Radviz

Radviz vizualization with explorative data analysis and intelligent data visualization enhancements.

Inputs

Data: input dataset
Data Subset: subset of instances

Outputs

Selected Data: instances selected from the plot
Data: data with an additional column showing whether a point is selected
Components: Radviz vectors

Radviz (Hoffman et al. 1997) is a non-linear multi-dimensional visualization technique that can display data defined by three or more variables in a 2-dimensional projection. The visualized variables are presented as anchor points equally spaced around the perimeter of a unit circle. Data instances are shown as points inside the circle, with their positions determined by a metaphor from physics: each point is held in place with springs that are attached at the other end to the variable anchors. The stiffness of each spring is proportional to the value of the corresponding variable and the point ends up at the position where the spring forces are in equilibrium. Prior to visualization, variable values are scaled to lie between 0 and 1. Data instances that are close to a set of variable anchors have higher values for these variables than for the others.

The snapshot shown below shows a Radviz widget with a visualization of the dataset from functional genomics (Brown et al. 2000). In this particular visualization the data instances are colored according to the corresponding class. Notice that the particular visualization very nicely separates data instances of different class, making the visualization interesting and potentially informative.

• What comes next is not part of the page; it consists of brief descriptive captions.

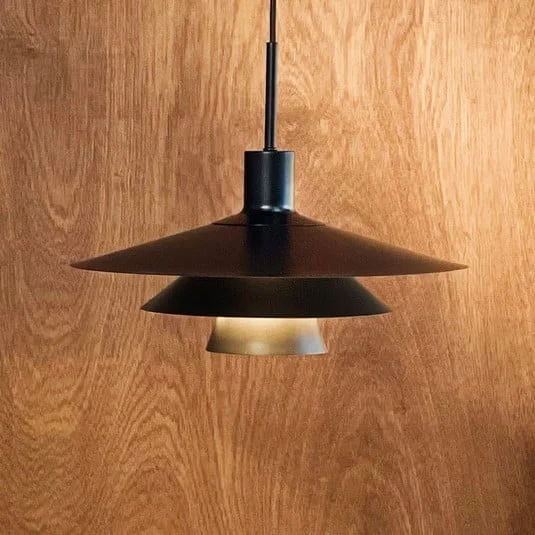 Lámpara colgante Kay de Dyberg Larsen, Ø 40 cm, negra, metal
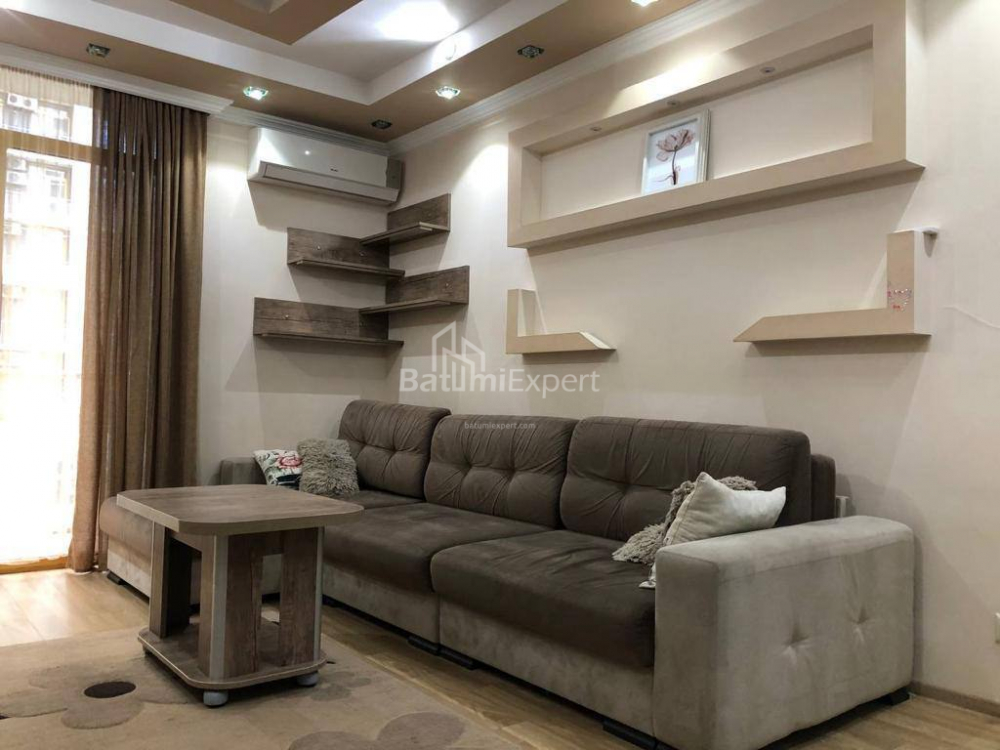 Квартира 57 м² - Юсуфа Кобаладзе, Батуми, Грузия
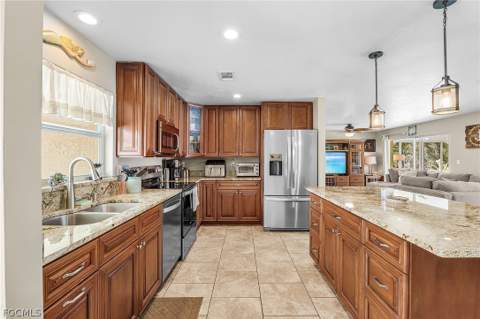 4814 SW 1st Ct, Cape Coral FL - photo 6 of 34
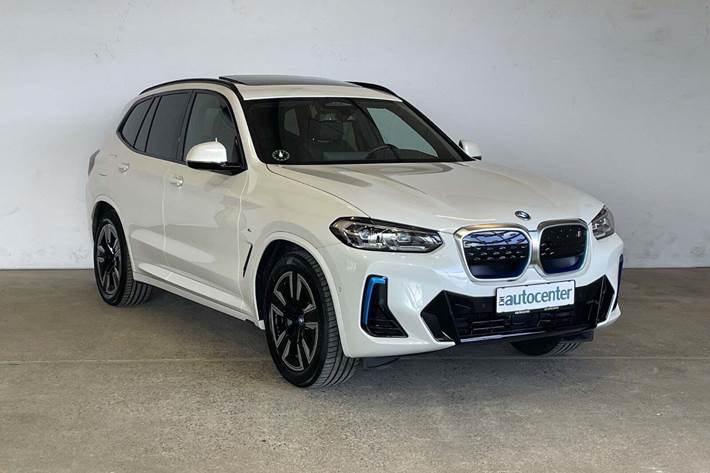 Hvid BMW iX3 fra 2022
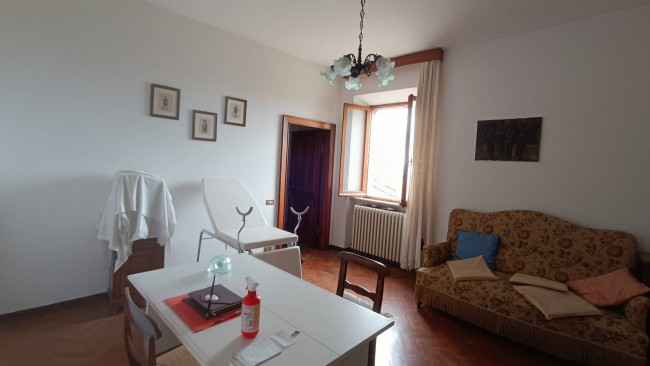 HOUSE for sale in Petritoli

Just like all point-based visualizations, this widget includes tools for intelligent data visualization (VizRank, see Leban et al. 2006) and an interface for explorative data analysis - selection of data points in visualization. Just like the Scatter Plot and FreeViz widgets, it can be used to find a set of variables that would result in an interesting visualization. The Radviz graph above is according to this definition an example of a very good visualization, suggested by the VizRank's interface (Suggest features button).

Example

In this example, we are using the brown-selected dataset from the File widget. We have used Rank to find five features that best separate the class, the gene function in this case. The Radviz plot shows the top five features, with the visualization space colored according to the computed class probability. The data points are pulled according to their feature values. Genes coding for ribosomal proteins have, for example, high values of spo5 11 feature.

References

Hoffman, P. E. et al. (1997) DNA visual and analytic data mining. In the Proceedings of the IEEE Visualization. Phoenix, AZ, pp. 437-441.

Brown, M. P., W. N. Grundy et al. (2000). "Knowledge-based analysis of microarray gene expression data by using support vector machines." Proc Natl Acad Sci U S A 97(1): 262-7.

Leban, G., B. Zupan et al. (2006). "VizRank: Data Visualization Guided by Machine Learning." Data Mining and Knowledge Discovery 13(2): 119-136.

Mramor, M., G. Leban, J. Demsar, and B. Zupan. Visualization-based cancer microarray data classification analysis. Bioinformatics 23(16): 2147-2154, 2007.